Strategic AI Integration in Engineering Teams: Lessons from Google's Applied ML Approach

Strategic AI Integration in Engineering Teams: Lessons from Google's Applied ML Approach

In the race to implement AI solutions, many organizations skip the most critical step: defining the actual business problem. "It's very tempting to think that the answer is generative AI, no matter what the question is," cautions Keyvan Azami, Engineering Manager at Google.

"Start with the problem."

After eight years leading ML implementation for Google's internal operations, Azami has developed a methodical approach that cuts through the hype. His team's experiences offer valuable insights for any organization looking to effectively integrate AI into their workflows and build better products.

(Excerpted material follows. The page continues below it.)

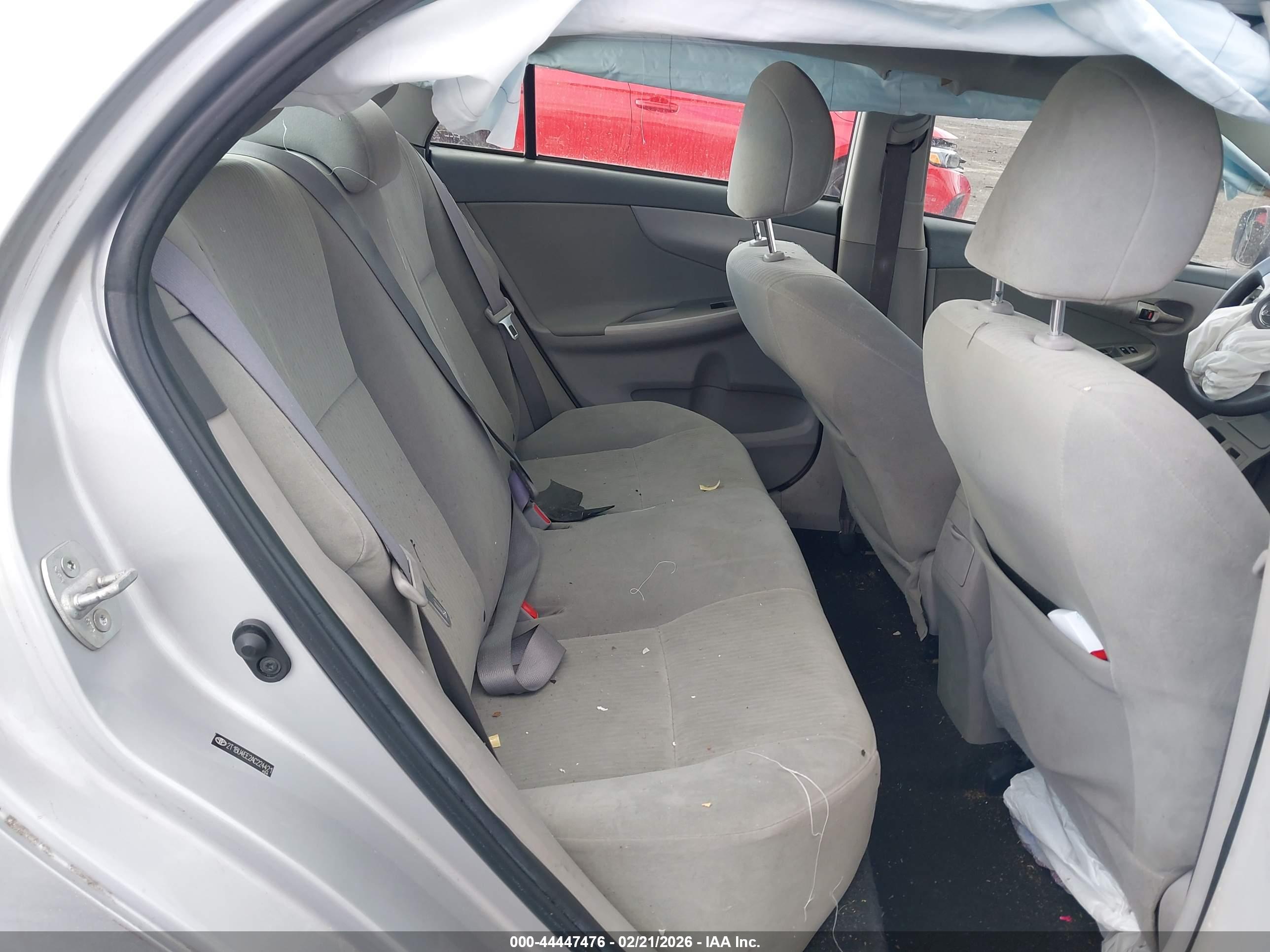 TOYOTA COROLLA image 8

The Reality of ML Implementation: A Case Study

Google handles millions of IT support inquiries annually from its 180,000+ employees. Azami's team was tasked with automatically surfacing relevant support articles when employees raised tickets aiming to solve problems instantly rather than making users wait hours for human assistance.

This seemingly straightforward project reveals why ML implementation isn't linear. Unlike traditional software development, machine learning projects require constant iteration, failure tolerance, and comfort with uncertainty key principles for successful product development.

"ML is probabilistic," Azami explains. "If somebody says, 'I need 100 percent guarantee that you give me the right answer,' I can't do that project."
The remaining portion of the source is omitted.